As a landlord, there may come a time when you need to sell your buy-to-let property, for whatever reason. Perhaps you can no longer meet the mortgage payments, maybe you are moving abroad and no longer want to be a landlord in the UK, or perhaps the time is simply right to sell in a buoyant market –possibly to realise a capital gain. Whatever your reasons for deciding to sell a tenanted property, there are some things you will need to consider, to make sure you don’t fall foul of the law (and to keep your tenants happy).
Communication is key
Whether your tenants have been living in your property for 6 months or 6 years, it is a good idea to discuss your intentions to sell the property with them as soon as possible. This means that they will be aware of what is happening and gives them the option to hunt for new accommodation, if necessary. Failing to discuss plans to sell with your tenant could leave them in for a nasty surprise!
Landlords should bear in mind that they do not have the right to evict tenants just because they want to sell their property. You could use a Section 21 notice to evict tenants, but this process can take several months, or you could sell your property with tenants in situ, although you may find this decreases the value of your property somewhat. On the other hand, if demand for the property in question comes mainly from investors, selling subject to an existing tenancy could maximise value. A professional Estate Agent will advise you on the best route to market. This will include advice as to the most appropriate method of sale – either Private Treaty or Public Auction.

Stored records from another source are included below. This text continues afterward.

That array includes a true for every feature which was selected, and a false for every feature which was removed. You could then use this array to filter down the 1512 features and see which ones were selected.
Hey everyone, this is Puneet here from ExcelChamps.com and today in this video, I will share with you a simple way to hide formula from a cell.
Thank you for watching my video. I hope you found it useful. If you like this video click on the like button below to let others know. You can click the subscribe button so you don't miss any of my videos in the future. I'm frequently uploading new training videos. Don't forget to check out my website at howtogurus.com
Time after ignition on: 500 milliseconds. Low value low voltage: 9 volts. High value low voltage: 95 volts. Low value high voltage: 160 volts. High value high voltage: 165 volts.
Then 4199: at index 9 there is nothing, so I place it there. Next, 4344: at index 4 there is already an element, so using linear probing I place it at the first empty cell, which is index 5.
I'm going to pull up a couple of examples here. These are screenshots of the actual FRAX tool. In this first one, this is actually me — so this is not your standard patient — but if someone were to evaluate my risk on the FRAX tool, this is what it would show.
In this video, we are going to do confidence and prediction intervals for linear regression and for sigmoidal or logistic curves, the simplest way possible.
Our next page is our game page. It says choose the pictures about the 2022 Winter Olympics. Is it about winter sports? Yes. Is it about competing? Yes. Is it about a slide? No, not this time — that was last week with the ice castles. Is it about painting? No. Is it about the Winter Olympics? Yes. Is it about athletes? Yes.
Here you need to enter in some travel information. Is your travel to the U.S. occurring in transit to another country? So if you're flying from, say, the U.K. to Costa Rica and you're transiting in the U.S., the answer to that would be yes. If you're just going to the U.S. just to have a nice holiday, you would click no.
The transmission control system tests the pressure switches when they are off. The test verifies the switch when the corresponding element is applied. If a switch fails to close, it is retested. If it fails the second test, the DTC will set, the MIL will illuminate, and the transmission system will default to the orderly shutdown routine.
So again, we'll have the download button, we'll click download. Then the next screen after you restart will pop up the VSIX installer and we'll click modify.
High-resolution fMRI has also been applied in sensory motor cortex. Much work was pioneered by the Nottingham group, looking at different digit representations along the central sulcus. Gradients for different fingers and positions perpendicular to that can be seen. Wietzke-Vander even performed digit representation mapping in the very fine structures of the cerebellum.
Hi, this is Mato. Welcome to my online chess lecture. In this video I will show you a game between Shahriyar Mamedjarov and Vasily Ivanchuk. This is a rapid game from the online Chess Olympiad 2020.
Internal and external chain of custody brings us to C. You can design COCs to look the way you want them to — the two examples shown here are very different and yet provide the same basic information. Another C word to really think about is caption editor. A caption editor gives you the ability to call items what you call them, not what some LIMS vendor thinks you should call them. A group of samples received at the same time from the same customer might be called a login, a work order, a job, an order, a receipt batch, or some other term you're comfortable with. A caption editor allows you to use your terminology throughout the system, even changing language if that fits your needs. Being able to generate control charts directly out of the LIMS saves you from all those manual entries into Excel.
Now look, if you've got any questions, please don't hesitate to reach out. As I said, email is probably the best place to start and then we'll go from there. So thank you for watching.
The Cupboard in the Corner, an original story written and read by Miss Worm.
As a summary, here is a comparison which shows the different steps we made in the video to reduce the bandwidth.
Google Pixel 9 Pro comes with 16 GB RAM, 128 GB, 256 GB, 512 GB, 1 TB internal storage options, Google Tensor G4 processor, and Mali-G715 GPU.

Landlords do not have the right to conduct viewings with prospective purchasers whenever they like. The current tenants must be given at least 24 hours’ notice in writing of any proposed viewings, and landlords should ensure that the tenancy agreement allows viewings to be conducted. If there is no mention of this in the tenancy agreement, it is entirely up to the goodwill of the tenant whether or not they decide to allow viewings (which is why it pays to maintain a good relationship with your tenants). Even if the tenancy agreement does mention viewings, tenants have a right to refuse access for viewings taking place at times inconvenient to them. Arranging too many viewings could disrupt your tenants’ rights to ‘quiet enjoyment’ of the property.
What happens when the property is sold?
Tenants may have questions for you, as a landlord, as to what happens after the sale of the property. When your property is sold with tenants in situ, the purchaser becomes the new landlord of the tenants. Tenancy agreements are still valid even though the landlord’s name has changed. Whilst it is a good idea for the purchaser to have new tenancy agreements drawn up, tenants are under no obligation to sign a new agreement, particularly if it takes away any previous rights they were entitled to (such as keeping pets in the property). At the very least, the purchaser should write to the tenants with the new landlord details and information relating to payment of rent. A professional letting Agent will notify the tenant of the new landlord’s address for Service of Notices pursuant to Section 48 of the Landlord & Tenant Act 1987.
Selling a tenanted property does not have to be a headache for landlords, provided they are aware of their legal obligations.